Les bisbilles au sein du directoire de la Commission de la Cémac faites de profonds désaccords et de concussions, n’auront finalement pas eu gain de cause, sur la gouvernance de Daniel Ona Ondo à la tête de cette institution communautaire.
L’ambiance était électrique à Yaoundé, la capitale camerounaise lors du sommet extraordinaire des chefs d’Etat de la Communauté économique et monétaire d’Afrique centrale (Cémac), tenu du 21 au 22 novembre 2019.
Car, derrière les sourires et la sérénité affichés, les participants avaient de la peine à masquer le spectre des divergences qui planait à la tête de l’exécutif de la Commission de la Cémac. Selon certaines sources, la vice-présidente de la Commission de la Cemac, la tchadienne, Fatima Haram Acyl avait une dent contre son supérieur hiérarchique au sein de la commission, le Pr Daniel Ona Ondo. A l’en croire, elle se sentirait écartée des missions qu’elle estime être légitimement les siennes.
« Nous sommes à mi-mandat et le bilan des deux années des hautes charges que mon pays m’a fait l’honneur de me confier pour servir la Cémac à vos côtés, tend à se réduire aux blocages de toutes sortes de votre part », a-t-elle fait savoir dans une note adressée au président de la Commission de la Cémac.

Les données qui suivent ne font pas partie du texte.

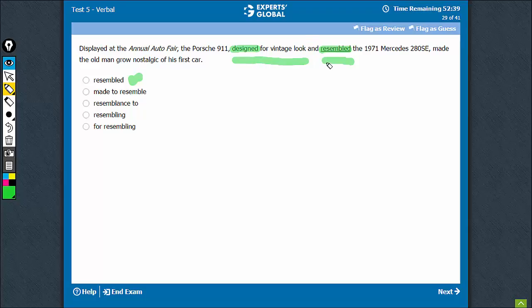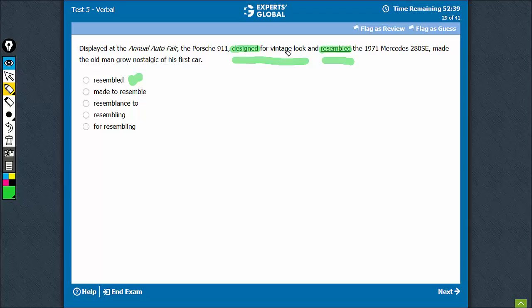Resemble is also a verb, resembling is also a verb. However, read the sentence. The Porsche resembling the 1971 Mercedes made the old man grow nostalgic. You can't say the Porsche 911 resemble the 1971 made the old man grow nostalgic. The sentence would be awkward there. So, resembling is the right usage here.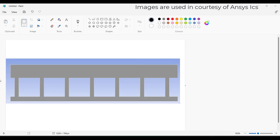Hi guys, in this video we will discuss about evaporative cooling through DPM method, or discrete phase method. You can see the geometry on the screen that I have taken for this simulation.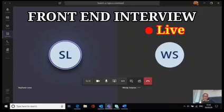The setTimeout function is used to delay a code execution for some time. For example, if we want to execute code after two seconds after the document has loaded, we use setTimeout. It generally takes two parameters: the first is the code which needs to be executed, and the second is the time after which it needs to be executed, given in milliseconds.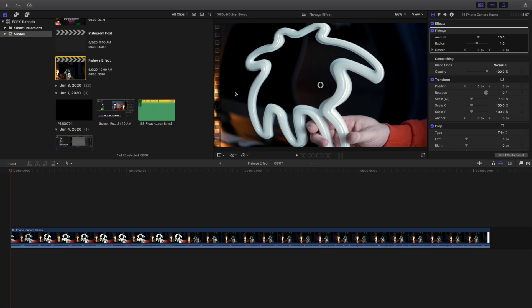In this video I want to go over an effect called the fisheye effect. As you can see right here, this is what the fisheye effect actually looks like. This effect is most commonly used for gamers, that zoomed-in distorted look.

Elle estime également de n’être pas traitée avec le respect et les prérogatives dues à son rang. D’autres motifs auraient été portés à l’encontre de Daniel mais sans fondements juridiques, indiquent des sources proches de l’institution communautaire.
Pourtant, certains estiment que même s’il est reconnu un certain nombre de griefs à son encontre, force est tout de même de reconnaître qu’il a redonné une âme à cette institution en plein turbulences lors de son arrivée aux fonctions.
Contrairement au magistère de ses prédécesseurs soutiennent-ils, la Commission est redevenue une institution au service de la communauté. De plus, indique-t-ils, son arrivée a coïncidé avec la relance de nombreux projets intégrateurs au service de la communauté.
D’autres soutiennent également que son mandat est fait des résultats, de la rigueur et enfin du pragmatisme. Lesquels se traduisent par la révision à la baisse du budget de la commission dès sa prise de fonctions.
L’autre front ouvert par lui, est celui des ressources humaines. L’optimisation des capacités de l’institution communautaire passe par l’utilisation des capacités humaines adéquates. Le président a engagé l’audit des capacités et des besoins. Pour voir quel est le niveau réel d’ambition.
Quant à sa rigueur de travail, elle s’illustre par la nouvelle réglementation de change. Lors des assemblées annuelles Banque mondiale et Fmi de Washington, il a rencontré les entreprises américaines exerçant dans le secteur extractif (pétrole) pour leur présenter l’enjeu des réformes de la BEAC en matière de change, notamment le fait pour les pays de la communauté de jouir des moyens découlant de l’exploitation de leurs richesses.
De même que son action auprès des partenaires au développement a permis à la Cémac d’avoir une stratégie agricole autour de la Cebevihra. Et bientôt des financements dans le cadre des projets intégrateurs prioritaires. Vivement plus de résultats.
Malgré les légères pesanteurs relevées dans l’exercice de ses fonctions, les chefs d’Etats ont renouvelé leur confiance au Professeur agrégé des facultés de droit et de sciences économiques, natif d’Oyem (nord du Gabon).
Quoi de plus normal, indique-t-on. Car, sa présence à la tête de la Commission de la Cémac, suite à sa succession au Congolais Pierre Moussa, procède du facteur rotatif de ces fonctions, dont le mandat échoie actuellement à la République gabonaise, depuis le 17 février 2017 et ce, jusqu’en 2021.